Ironically, some of the most important information the scientists rely on in predicting the Atlantic hurricane season isn't even taken from the Atlantic Ocean. Scientists lean heavily on measurements from El Niño and La Niña, a combined weather phenomenon in the central and east-central Pacific around the equator. (In the climate community, El Niño and La Niña also are known as ENSO, for El Niño/Southern Oscillation.)
El Niño is a water warming trend in the Pacific Ocean, especially those waters in the eastern Pacific, on the west side of Central America; La Niña is a cooling trend. The two are important because, generally, cooler water in the Pacific suggests warmer water in the Atlantic (and vice versa).
Monitoring the temperatures of the Pacific matters. Hurricanes are partly fueled by warmer water, so cooler water in the Pacific (a result of La Niña) generally means warmer water — and more hurricanes — in the Atlantic.
"When we're talking climate predictions, the Pacific tends to be the basin that has the most predictability," Belanger says. "We can make a prediction more skillfully in that region than anywhere else."
NOAA's prediction is based on no El Niño this season. "The outlook reflects our expectation of a weak or non-existent El Niño, near- or above-average sea-surface temperatures across the tropical Atlantic Ocean and Caribbean Sea, and average or weaker-than-average vertical wind shear in that same region,” Gerry Bell, Ph.D, lead seasonal hurricane forecaster with NOAA’s Climate Prediction Center, said in a statement.
Another well-known tracking tool that goes into the computer models for predicting hurricanes is known as the Atlantic Multidecadal Oscillation (AMO).
"El Niño and La Niña affect the hurricane season for a year at a time, while the AMO affects the season strength for decades (25 to 40) years at a time," Bell told an "Ask Me Anything" Reddit last year. "By predicting the combined impacts of these climate patterns, we can often predict what the hurricane season will bring. This is because they strongly control an entire set of key conditions such as vertical wind shear, trade winds, wind patterns coming off of Africa, ocean temperatures, and air pressure, all of which come together to make the season either more or less active."

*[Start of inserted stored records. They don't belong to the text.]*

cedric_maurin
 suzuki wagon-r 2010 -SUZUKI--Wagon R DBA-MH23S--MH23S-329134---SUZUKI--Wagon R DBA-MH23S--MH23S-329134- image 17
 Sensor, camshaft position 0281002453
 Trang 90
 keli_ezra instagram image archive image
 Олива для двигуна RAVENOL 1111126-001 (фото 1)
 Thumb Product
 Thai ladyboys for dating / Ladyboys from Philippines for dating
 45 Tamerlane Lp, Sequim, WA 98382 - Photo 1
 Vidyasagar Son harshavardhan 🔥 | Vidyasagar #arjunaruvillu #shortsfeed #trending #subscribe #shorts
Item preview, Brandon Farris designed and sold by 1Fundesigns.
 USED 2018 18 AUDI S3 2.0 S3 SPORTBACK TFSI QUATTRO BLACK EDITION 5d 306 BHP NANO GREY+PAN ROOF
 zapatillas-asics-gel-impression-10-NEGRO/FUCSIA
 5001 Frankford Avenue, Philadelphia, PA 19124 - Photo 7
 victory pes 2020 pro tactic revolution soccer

The people and machines who predict hurricanes have a varying degree of success, depending on the year, of course. In May 2017, the CPC (which is a part of the National Weather Service, under the NOAA, all under the U.S. Department of Commerce) predicted an "above normal" season, with 11 to 17 named storms, five to nine hurricanes with two to four being major (Categories 3, 4 or 5) hurricanes for 2017. The '17 season produced 17 major storms, 10 hurricanes and six major hurricanes.